Structural biology has been undergoing an unprecedented transformation recently thanks to major breakthroughs in experimental methods such as cryogenic electron microscopy (cryo-EM) and ground-breaking computational approaches for predicting the 3D structure of proteins based on cutting edge deep-learning methods.

Owing to spectacular advances in detector technology and software algorithms, cryo-EM has revolutionized biology by enabling the determination of complex biomolecular structures at near-atomic resolution[1]^. Over less than a decade, the number of near-atomics-resolution structures solved using cryo-EM has grown exponentially [2]. Foregoing the need for crystal formation, it has enabled to elucidate the structures of important receptors and membrane proteins, historically refractory to crystallographic studies [3]. Furthermore, increasingly sophisticated computational and experimental cryo-EM methods are making it possible to unveil different conformational and/or compositional states of the systems under study [4-6], thereby providing valuable information on the dynamic properties of these systems underpinning their biological function.

In parallel, the progressive introduction of new generation methods in deep learning - a subfield of machine learning- to a maturing protein modelling field has recently culminated with the phenomenal success of AlphaFold2 (AF2), the deep-leaning engine developed by Google DeepMind, in predicting the 3D structure of single chain proteins to an accuracy rivaling with that of experimentally determined structures [7, 8]. This achievement has been a game changer with immense repercussions across the fields of computational and experimental structural biology [9, 10]. The software of these algorithms was made freely available to the public [11] [https://github. com/deepmind/alphafold] setting the stage for rapid further developments [12]. Additionally, DeepMind has partnered with the European Bioinformatics Institute (EBI) to create AlphaFold-DB [13], offering open access to over 200 million protein structures predicted by AlaFold, providing broad coverage of UniProt [14].
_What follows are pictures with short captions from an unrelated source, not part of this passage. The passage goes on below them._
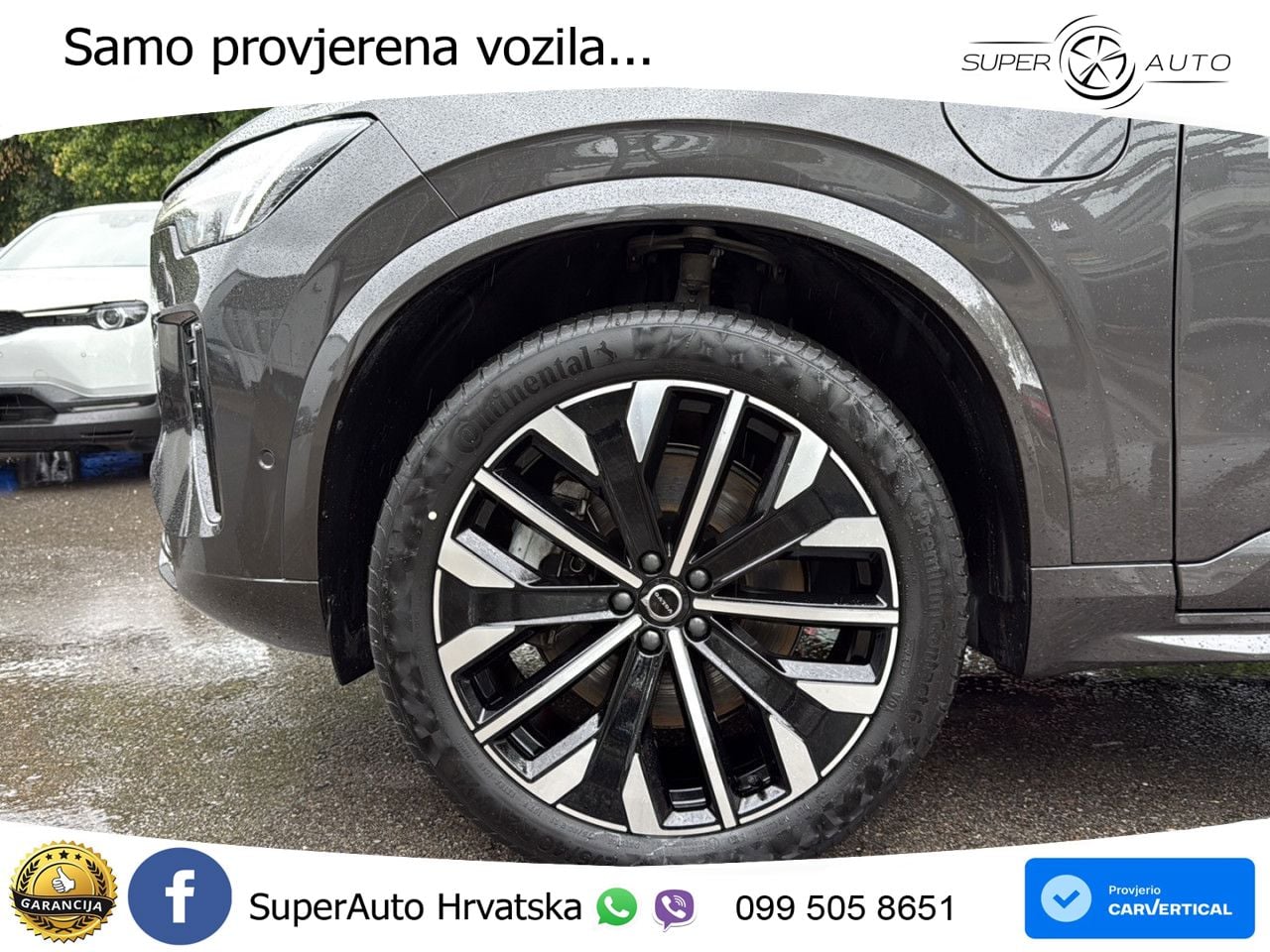 Volvo XC90 2.0 T8 AWD Automatic MATRIX+GR SJED+KAM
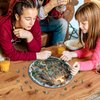Wooden Puzzles for Adults, Vision Inside Cave Puzzles (Medium, 11.4 * 11.4in, 200pcs) with Wood Box, Unique Animal Shape Puzzles, Wooden Puzzles for Family Games and Birthday Gifts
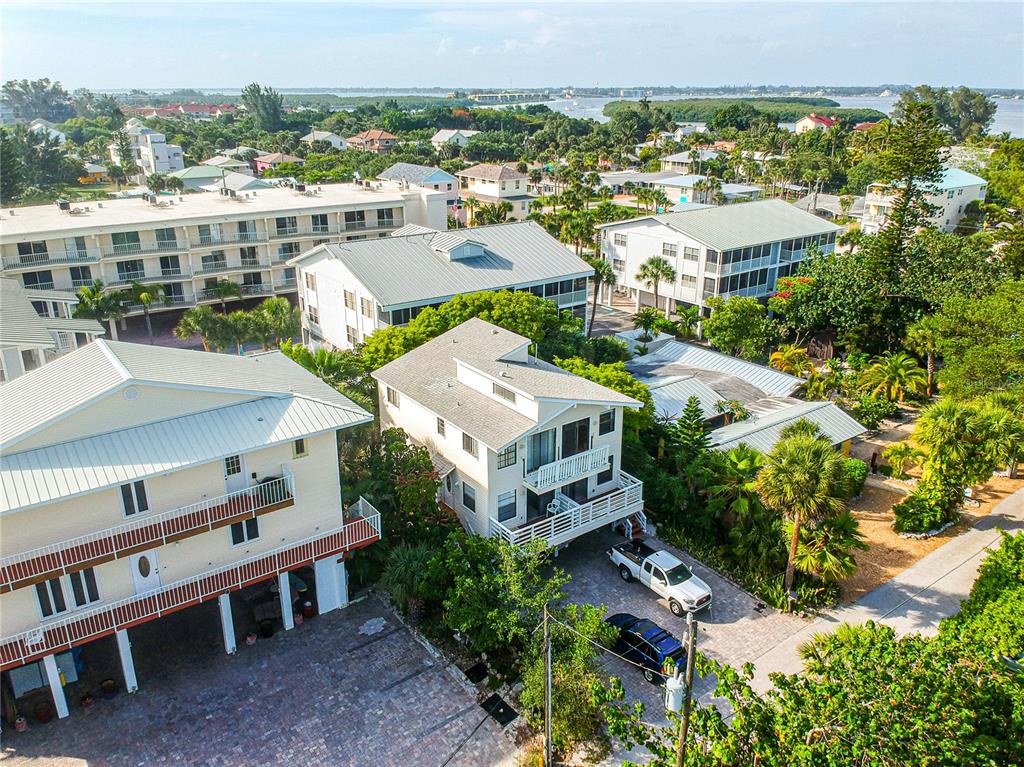 60 Beachcomber Lane, Unit 7 Englewood, FL 34223 - Photo 5 of 19 a view of a city from a terrace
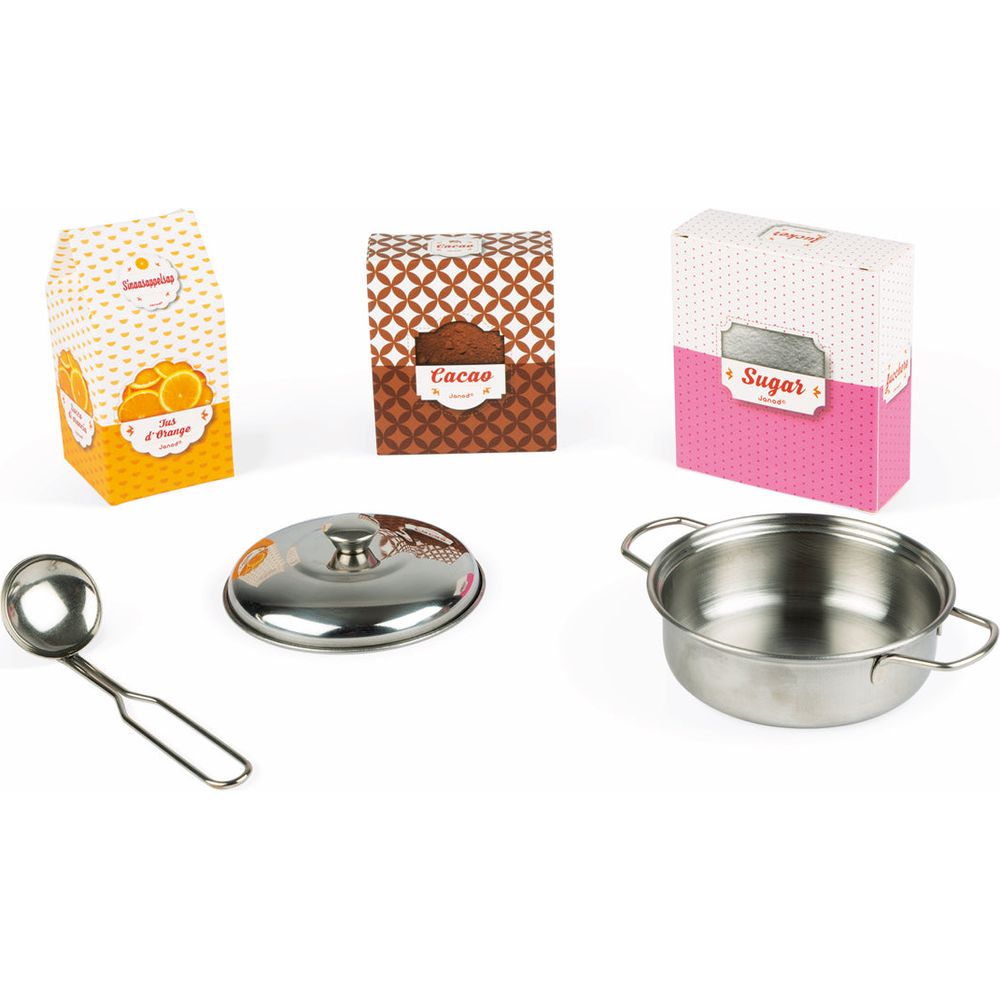 Janod - Candy Chic Big Cooker Kitchen - Preschool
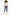Marie Front Pocket Button Mid Rise Capri Jeans front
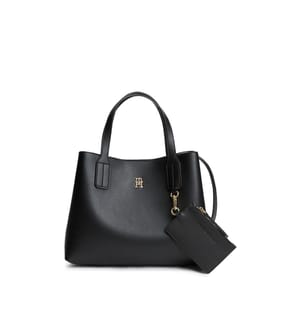 Kleine Icon-Schultasche – Schwarz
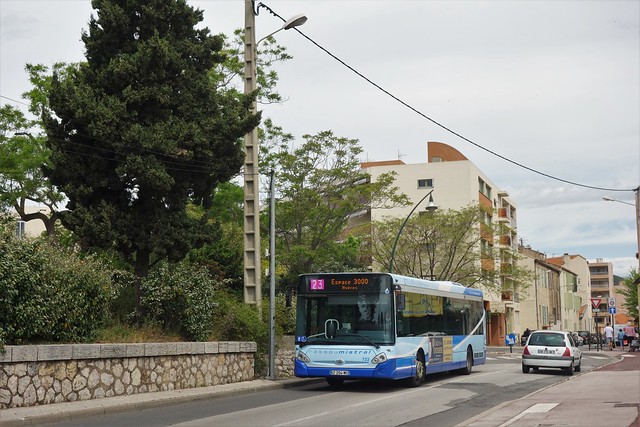 Heuliez Bus GX 327 n°723  -  Toulon, MISTRAL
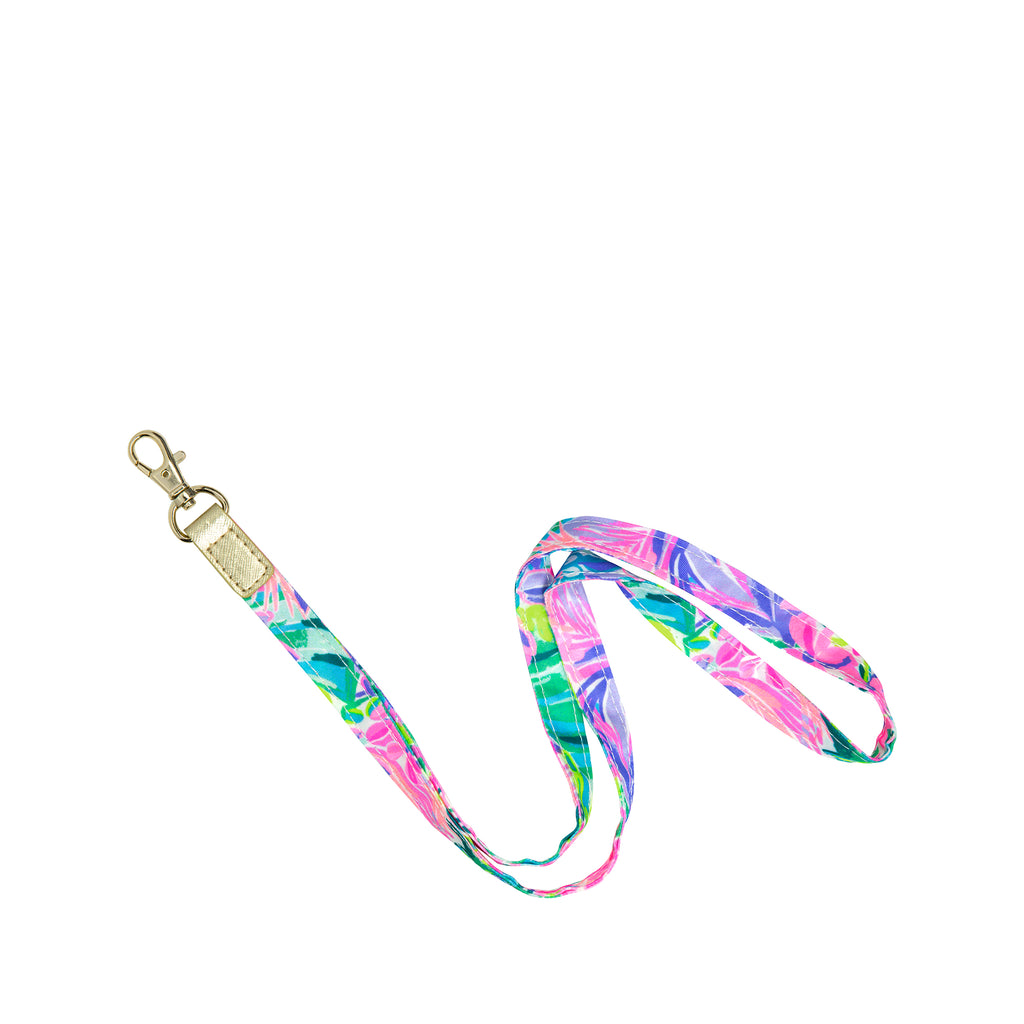 Lilly Pulitzer Lanyard, It Was All A Dream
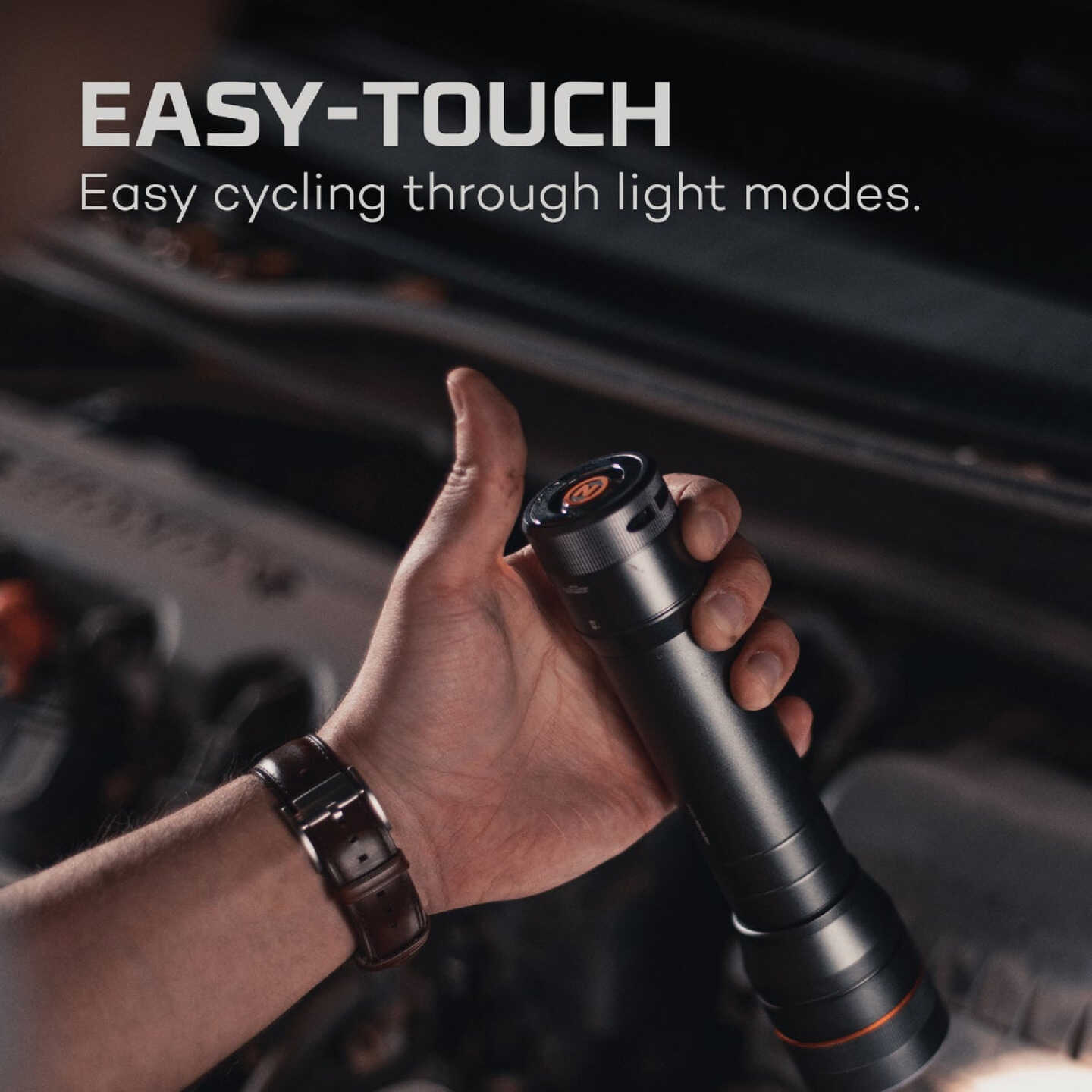 Nebo Newton 1500 Lm. 6AA LED Flashlight Image 3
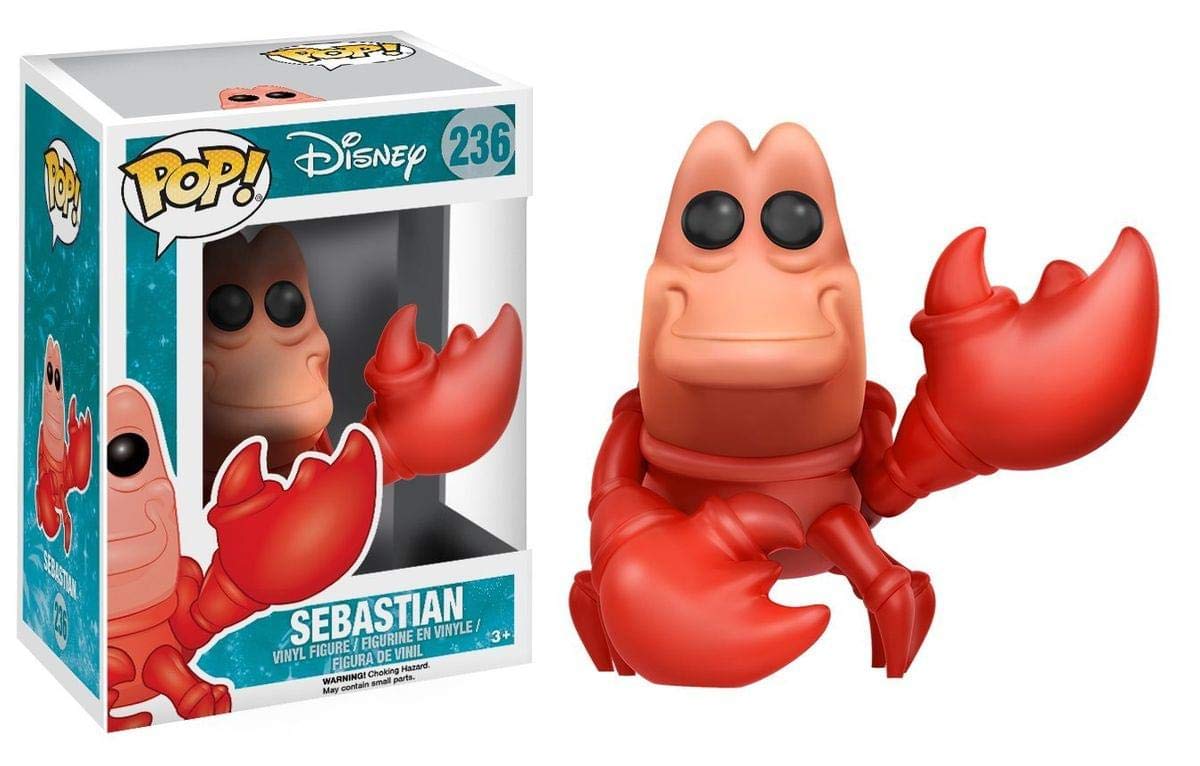 Funko Little Mermaid Sebastian Pop Disney Figure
The vast increase in high accuracy coverage of protein structure space is already having a major impact in many areas of scientific research, including elucidating aspects of evolutionary relationships and protein function [15], identifying potential drug targets[16] and greatly aiding experimental structure determination[17]. However, AF2 as designed, and hence also AlphaFold-DB, provide no information on the dynamic properties of proteins nor on the alternative conformations that proteins sample to carry out their function [18]. Information is also lacking on functionally important bound small molecule ligands, and on the oligomeric structure of native proteins, where two or more proteins (subunits) form higher order complexes[19]. Of these essential areas the prediction of protein complexes, has received special attention in the last two years. Viewed as the next frontier for deep learning–based structure prediction methods, the community devised ways of extending the power of AF2 to the prediction of protein complexes. Creative uses of AF2 and AlphaFold2-Multimer, the inference engine of AlphaFold directly trained on protein complexes from the PDB[20], which include aggressive sampling of candidate solutions combined with effective scoring and ranking models, helped yielding high-quality models for 40% of the assembly targets in the CASP-CAPRI (Critical Assessment of Structure Prediction -Critical Assessment of PRedicted Interactions [21] ) blind prediction challenge of 2022 compared to the mere 8% produced in previous challenges [Lensink et al. (under review)]. These are very encouraging results, suggesting nevertheless that significant room remains for improvement [21].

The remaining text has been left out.